Minister D.Tsogtbaatar visits Qatar
Minister of Foreign Affairs D.Tsogtbaatar paid an official visit to Qatar from December 15 to 16.
Prime Minister of Qatar Sheikh Abdullah bin Nasser bin Khalifa Al Thani received Minister D.Tsogtbaatar to exchange views on the relations and cooperation between the two countries.
During their meeting, the minister spoke with the Qatari premier about the current state of Mongolia’s economy and investment opportunities in the country.
They talked about possible areas for bilateral cooperation, and potential to expand the current cooperation in detail.
The Mongolian minister of foreign affairs highlighted that opening a resident embassy of Qatar in Ulaanbaatar will be of crucial importance to expanding the relations and cooperation between Mongolia and Qatar.
As part of his visit, Minister D.Tsogtbaatar attended the Doha Forum 2018, a platform for global dialogue on critical challenges facing the world, which was held under a title of “Shaping policy in an interconnected world”.
The minister participated in the Munich Security Conference, which took place as a part of the forum. Established in 2000, the forum promotes the interchange of ideas, discourse, policy making, and action oriented recommendations.
The forum brought together political figures, thought leaders, governmental agencies, and civic society organizations to address today’s urgent issues and ways the international community can come together to solve them.
The forum’s attendees turned their discussion to four essential themes such as security, peace and mediation, economic development and trends and transitions.

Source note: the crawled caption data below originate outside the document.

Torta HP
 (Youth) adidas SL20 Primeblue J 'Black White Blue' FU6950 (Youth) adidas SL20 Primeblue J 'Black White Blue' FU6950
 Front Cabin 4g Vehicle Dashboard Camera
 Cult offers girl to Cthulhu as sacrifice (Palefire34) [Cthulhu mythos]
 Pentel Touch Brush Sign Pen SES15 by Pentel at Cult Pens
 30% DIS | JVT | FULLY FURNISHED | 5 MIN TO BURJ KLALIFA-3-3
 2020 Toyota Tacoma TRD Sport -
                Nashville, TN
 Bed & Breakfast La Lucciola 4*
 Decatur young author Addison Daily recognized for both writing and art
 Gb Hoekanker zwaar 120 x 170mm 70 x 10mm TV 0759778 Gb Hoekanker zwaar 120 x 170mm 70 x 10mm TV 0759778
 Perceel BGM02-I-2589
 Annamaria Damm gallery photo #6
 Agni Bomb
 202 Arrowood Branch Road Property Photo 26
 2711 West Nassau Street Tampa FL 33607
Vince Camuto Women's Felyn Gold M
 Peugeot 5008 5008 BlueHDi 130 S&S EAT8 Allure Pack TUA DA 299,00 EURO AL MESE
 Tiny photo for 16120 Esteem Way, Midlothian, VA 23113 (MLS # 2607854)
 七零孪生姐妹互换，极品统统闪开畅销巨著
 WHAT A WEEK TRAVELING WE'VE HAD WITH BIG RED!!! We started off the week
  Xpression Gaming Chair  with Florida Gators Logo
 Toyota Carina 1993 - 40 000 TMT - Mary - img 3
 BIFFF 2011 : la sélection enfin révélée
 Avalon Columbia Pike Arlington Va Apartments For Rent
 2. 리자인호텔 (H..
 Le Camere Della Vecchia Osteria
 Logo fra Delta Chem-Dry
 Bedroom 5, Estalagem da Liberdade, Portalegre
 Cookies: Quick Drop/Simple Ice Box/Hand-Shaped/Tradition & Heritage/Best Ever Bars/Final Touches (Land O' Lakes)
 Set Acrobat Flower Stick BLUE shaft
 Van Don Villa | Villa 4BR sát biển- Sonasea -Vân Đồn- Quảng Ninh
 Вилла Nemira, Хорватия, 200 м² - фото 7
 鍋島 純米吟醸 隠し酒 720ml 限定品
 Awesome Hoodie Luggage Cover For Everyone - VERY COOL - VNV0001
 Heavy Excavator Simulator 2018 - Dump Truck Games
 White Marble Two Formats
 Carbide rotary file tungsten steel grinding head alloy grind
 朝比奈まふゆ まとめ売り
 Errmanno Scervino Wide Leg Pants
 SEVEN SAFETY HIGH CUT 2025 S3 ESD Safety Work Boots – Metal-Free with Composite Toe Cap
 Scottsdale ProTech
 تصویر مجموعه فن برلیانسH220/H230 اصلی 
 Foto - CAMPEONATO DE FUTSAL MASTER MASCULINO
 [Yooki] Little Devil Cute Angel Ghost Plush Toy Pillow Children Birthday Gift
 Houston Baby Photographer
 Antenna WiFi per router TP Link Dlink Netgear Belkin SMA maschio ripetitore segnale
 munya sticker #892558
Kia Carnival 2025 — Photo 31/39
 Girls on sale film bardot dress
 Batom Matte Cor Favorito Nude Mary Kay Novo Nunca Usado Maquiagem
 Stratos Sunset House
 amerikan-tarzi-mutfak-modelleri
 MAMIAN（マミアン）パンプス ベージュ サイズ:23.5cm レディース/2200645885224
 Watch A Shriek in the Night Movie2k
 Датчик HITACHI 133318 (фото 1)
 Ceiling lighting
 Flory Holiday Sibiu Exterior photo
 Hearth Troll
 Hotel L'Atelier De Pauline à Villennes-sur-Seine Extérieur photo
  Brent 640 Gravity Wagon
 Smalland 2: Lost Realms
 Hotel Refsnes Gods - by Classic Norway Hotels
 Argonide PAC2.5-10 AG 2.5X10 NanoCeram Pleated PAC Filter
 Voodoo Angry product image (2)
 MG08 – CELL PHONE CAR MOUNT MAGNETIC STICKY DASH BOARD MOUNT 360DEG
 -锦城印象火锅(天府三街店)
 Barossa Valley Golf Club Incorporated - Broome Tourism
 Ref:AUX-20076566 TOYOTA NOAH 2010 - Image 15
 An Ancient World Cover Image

In the forum’s opening remarks, Emir of Qatar Sheikh Tamim bin Hamad al-Thani said, “My father launched the Doha Forum in 2000 as a global dialogue platform at the advent of the new millennium when the United Nations heralded principles of a new era of international co-operation that has gained the international community’s consensus. In the aftermath of the cold war and conclusions drawn by the world from the massacres in Rwanda, Burundi and the Balkan, it seemed that an international security order is in the making to enable cooperation that would be marked by integrated efforts to find solutions to various challenges in the fields of education, health and development. But there was a concurrence of challenges and crises facing the world; from September 11 events and the spread of terrorism, violence and extremism, to the global financial markets crisis and the phenomenon of climate change and global warming. And we have moved from talking about cosmopolitanism to concern over politicizing xenophobia by the populist movements that rally the public along ethnic, national, religious and sectarian affiliations; and we have also moved from being optimistic about market globalization and elimination of borders to dealing with protectionist economic policies.”